1. Wie wurde die Musik dein Leben und deine Karriere?

Ich war etwa zehn als ich auf MTV Metallicas „Monsters of Rock“ live sah und dachte, dass das doch eigentlich nach einem ganz hervorragenden Beruf aussieht! Dann ging ich ins Wohnzimmer zu meinen Eltern und habe ihnen gesagt, dass ich mal Musiker werden will, auch wenn ich damals noch gar nicht Bass,  sondern Schlagzeug spielte. Kurz darauf hatte ich eine Coverband und wir spielten Megadeth, Metallica und so weiter. Es ist, glaube ich, generell super, mit einem rhythmischen Instrument anzufangen, wenn man Musik machen will. Ich befürchte, dass sich manchmal im Metal-Bereich zu viel um Noten und zu wenig um Rhythmus gekümmert wird. Irgendwann ist mir aufgefallen, dass man sich als Trommler nicht wirklich auf der Bühne bewegen kann – eine fast tragische Erkenntnis zu dieser Zeit. Daraufhin habe ich Gitarre gespielt und jeden Tag bestimmt sechs Stunden geübt. Das war also lange Zeit eigentlich mein „Hauptinstrument“. Irgendwie spielte ich dann konstant in Bands, mit 17 kamen dann erste Touren in Deutschland und irgendwann kam ich zu Boysetsfire…

2. Was würdest du machen, wenn du kein Musiker wärst?

Ich bin diplomierter Wirtschaftspsychologe (A&O) und habe in diesem Bereich auch schon gearbeitet, aber wenn ich nicht auf Tour bin, arbeite ich für Target Concerts als Booker und mache viel digitale Promo etc.  Das mache ich also, wenn ich mich nicht grade wieder auf der Bühne irgendwie verletze… (lacht)

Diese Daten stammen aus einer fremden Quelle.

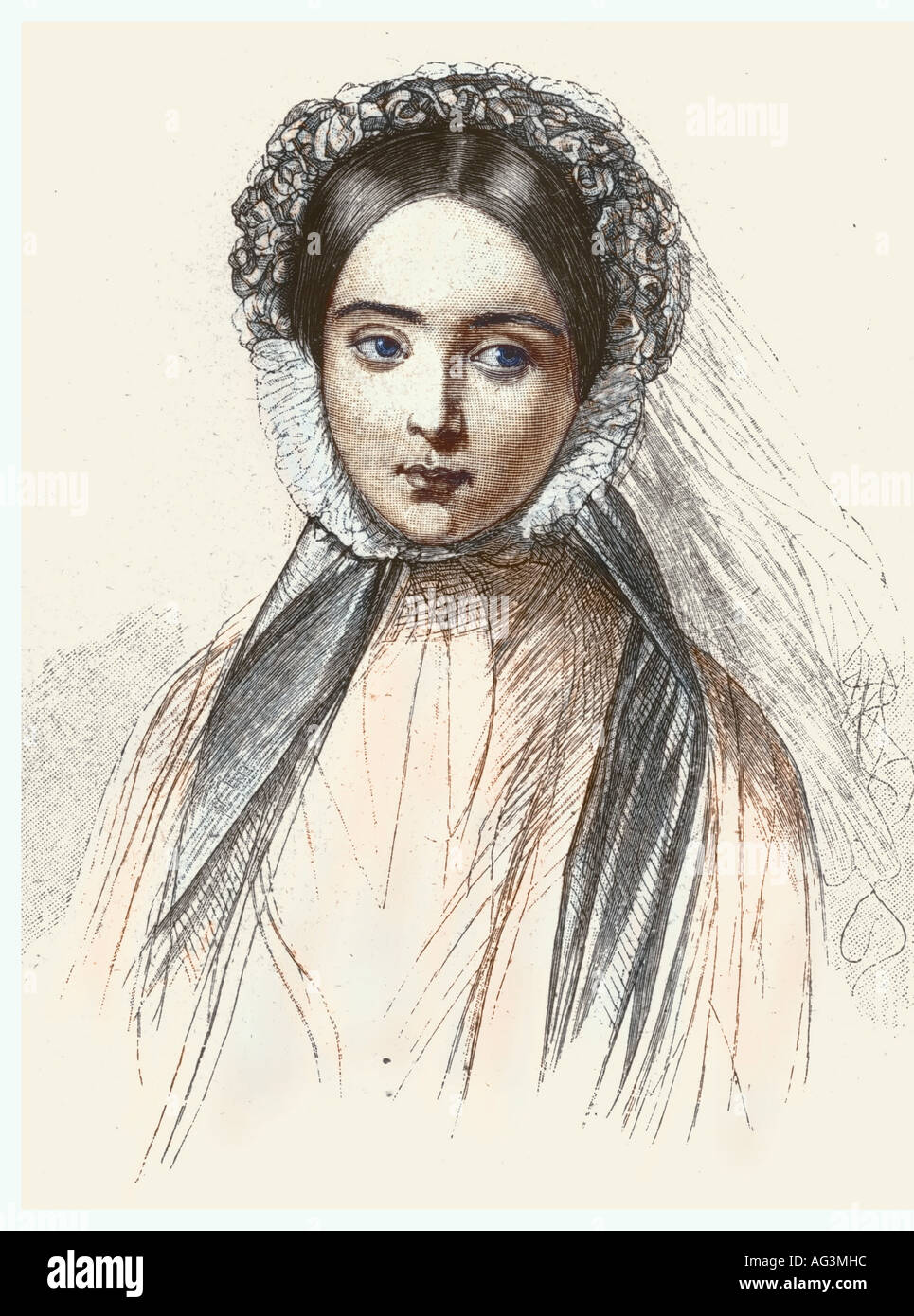 Victoria Adelaide, 21.11.1840 - 5.8. 1901, German Empress consort 9.3.1888 - 15.6.1888, ritratto, incisione dopo nach E. M. Ward, 1857, , Foto Stock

Das kommt also häufiger vor, ja?

Immer passiert irgendwas! Es geht immer was kaputt – meistens an mir selbst! (lacht) Es ist eine sehr physische Performance, die immer mal kleine Opfer fordert (zeigt mir seinen verschrammten Hals von Bass-Spins am Vorabend), aber das gehört einfach mit dazu.

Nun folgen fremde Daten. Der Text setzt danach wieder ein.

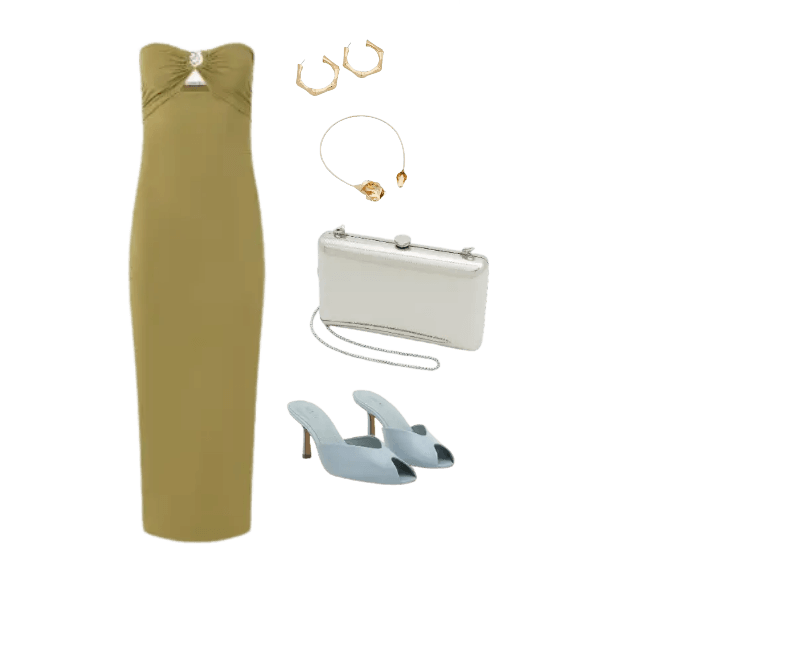 vestido verde oliva, mules azul claro, clutch branca, brincos dourados, pulseira dourada.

3. Was ist das Besondere am Bassspielen?

Ich habe den Bass sehr zu schätzen gelernt. Ich schreibe auf der Akustikgitarre auch für Boysetsfire, weil ich glaube, dass ein guter Song auch ohne Verzerrung funktionieren muss. Verzerrung versteckt nur manchmal fehlenden Rhythmus. Dieser Initial-Groove muss halt funktionieren. Auf der Bühne muss ich allerdings Bass spielen. Erstens: Er erlaubt mir, mehr das zu machen, was ich eigentlich möchte, nämlich auf der Bühne herumzutanzen. Ich bin da eher Cheerleader als Bassist (lacht), und zweitens: Das subtile Element ist toll! Der Bass steht nicht im Vordergrund, ist aber trotzdem ein tragender, unverzichtbarer Teil eines Ganzen, mal weit vorne, mal zurückhaltend. Ich habe vor Boysetsfire nie Bass gespielt, abgesehen von einer Studiosession einer alten Band von mir, wo der Bassist einfach zu schlecht war, um die Songs selber einzuspielen. Durch Boysetsfire habe ich den Bass zu lieben gelernt.

4. Was ist die wichtigste Musikequipment-Erfindung aller Zeiten – und warum?

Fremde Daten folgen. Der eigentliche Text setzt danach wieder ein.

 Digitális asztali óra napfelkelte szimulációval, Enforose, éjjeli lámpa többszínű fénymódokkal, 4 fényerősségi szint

Ich glaube, ein Wireless-System ist für mich die wichtigste Erfindung aller Zeiten. Ich habe früher immer drei Kabel pro Show zerstört, deshalb auf jeden Fall das Wireless-System!

5. Deine erste Studioerfahrung – wie war das für dich?!

Meine Feuertaufe am Bass bei Boysetsfire war live, 17 Songs über Nacht! Die zweite Show war direkt das Rheinkultur-Festival in Bonn vor ca. 30.000 Leuten, das war schon irgendwie hart! Über Nacht musste ich nicht nur die Songs lernen, sondern auch in die USA reisen und später dorthin ziehen. Wir haben damals dann zuerst die „Loolapalooza-Tour“ gespielt. Das war eine sehr intensive Zeit für mich. Über Nacht wurde mein Leben quasi komplett verändert.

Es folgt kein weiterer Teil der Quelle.